Warrantless surveillance not only feeds databases that can be abused, it leads to real-world harms that disproportionately affect immigrants, people of color, and Muslim-Americans. Many law enforcement agencies have used social media monitoring products advertised as tools to track activists of color. For example, San Jose police used it to spy on protesters during a visit by India’s prime minister. The L.A. County Sheriff’s Department monitored the residents of Compton using high-powered aerial surveillance. San Francisco police stopped and held an elderly Black woman at gunpoint — all because an automatic license plate reader improperly identified her car as a stolen vehicle. Elsewhere, police have used that same technology to monitor mosque visitors.

Federal immigration authorities are increasingly seeking to exploit these local surveillance systems, often without local knowledge. Earlier this year, for example, news broke that U.S. Immigration and Customs Enforcement had obtained access to a database operated by a company called Vigilant, which hosts license plate location data collected by local law enforcement agencies across the United States.

The ACLU of Northern California has sued to learn more about this arrangement, and some California communities have stood up and rejected this company’s technology. However, these systems continue to prowl cities and rural areas, collecting data about immigrants while they’re driving to work, running errands, or bringing their kids to school. ICE should not be able to exploit this data to target and separate families. SB 1186 gives communities statewide a way to ensure that local law enforcement is not facilitating practices like this.

Communities such as Santa Clara County, Oakland, Davis, and Berkeley have already passed ordinances that require law enforcement agencies to be transparent about surveillance proposals, submit those proposals to a vote by elected leaders, and write strict rules for how the technologies can be used. SB 1186 — which would be the first statewide law of its kind — would ensure that all Californians can benefit from these important reforms. Community voices must be heard if surveillance proposals are on the table.

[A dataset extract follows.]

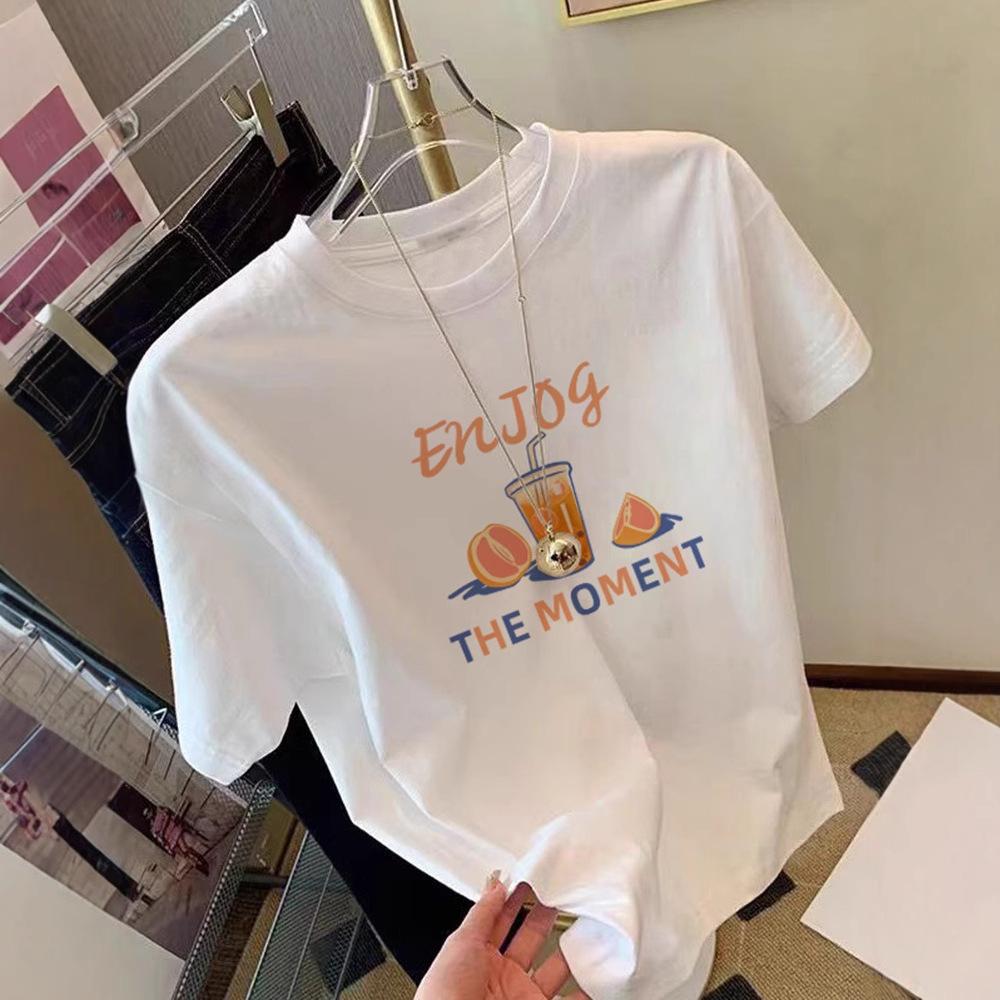 Regular loose fashion printed short-sleeved t-shirt women's pure cotton 2025 new bottoming shirt summer ins trendy white top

This bill is a piece of a larger movement. Localities across the country are taking part in a national campaign called Community Control Over Police Surveillance (CCOPS), a reform effort spearheaded by 17 organizations, including the ACLU, aimed at putting local residents and elected officials in charge of decisions about surveillance technology. To date, local CCOPS efforts have sprouted up in more than 20 cities, including New York and St. Louis.

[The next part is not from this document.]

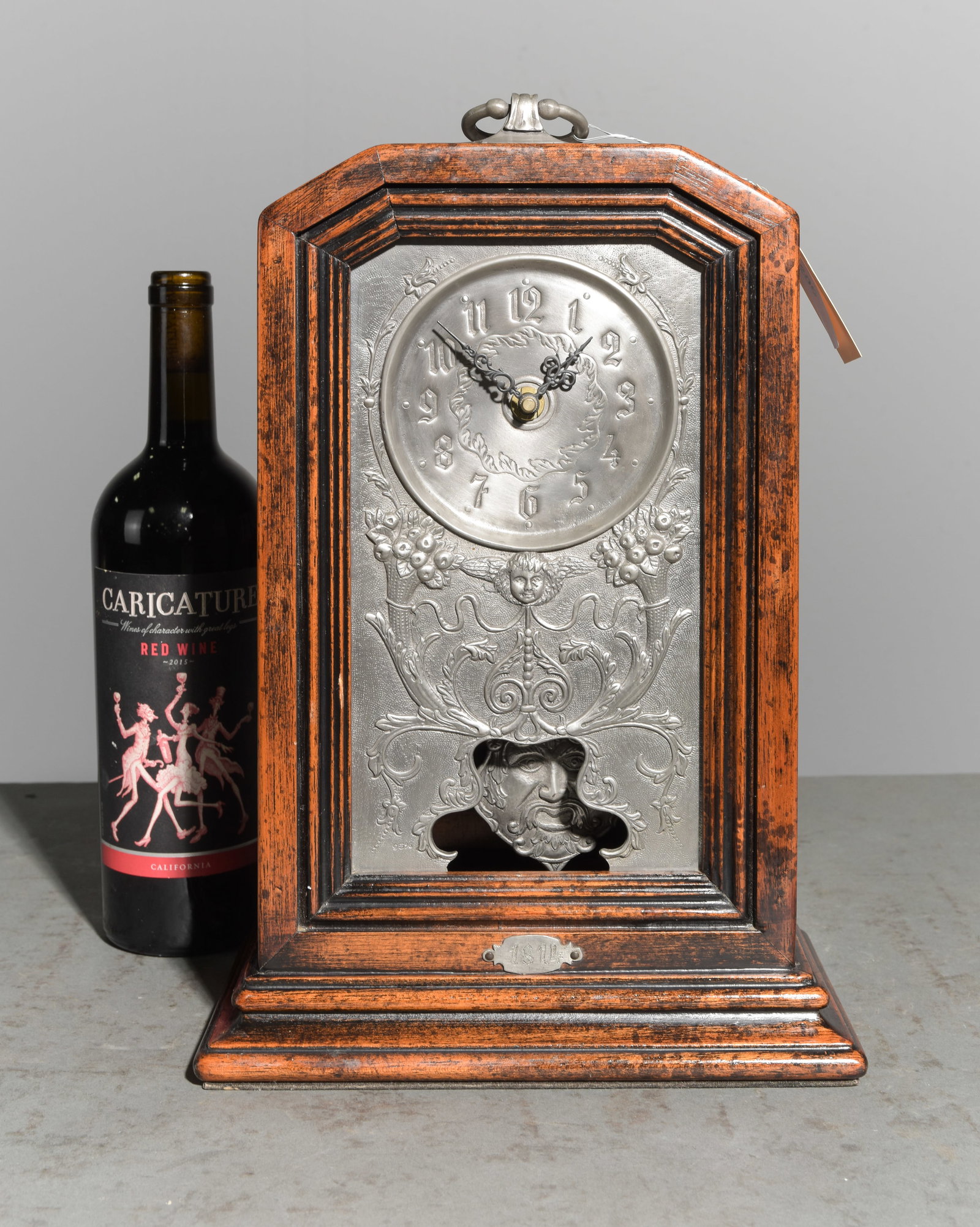 French Mantel Clock With Pewter Design: French Mantel Clock With Pewter Design - 14 in tall x 10 x 5.5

After passing through the California Senate, the California Assembly Appropriations Committee will decide this bill’s fate in the next week. If you live in California, contact your state assembly representative and encourage them to support SB 1186 across the finish line.

This will not be an easy fight. Law enforcement agencies strongly oppose this bill’s transparency and oversight mechanisms. But public safety in the digital era requires that elected representatives and community members have a voice in important decisions like these.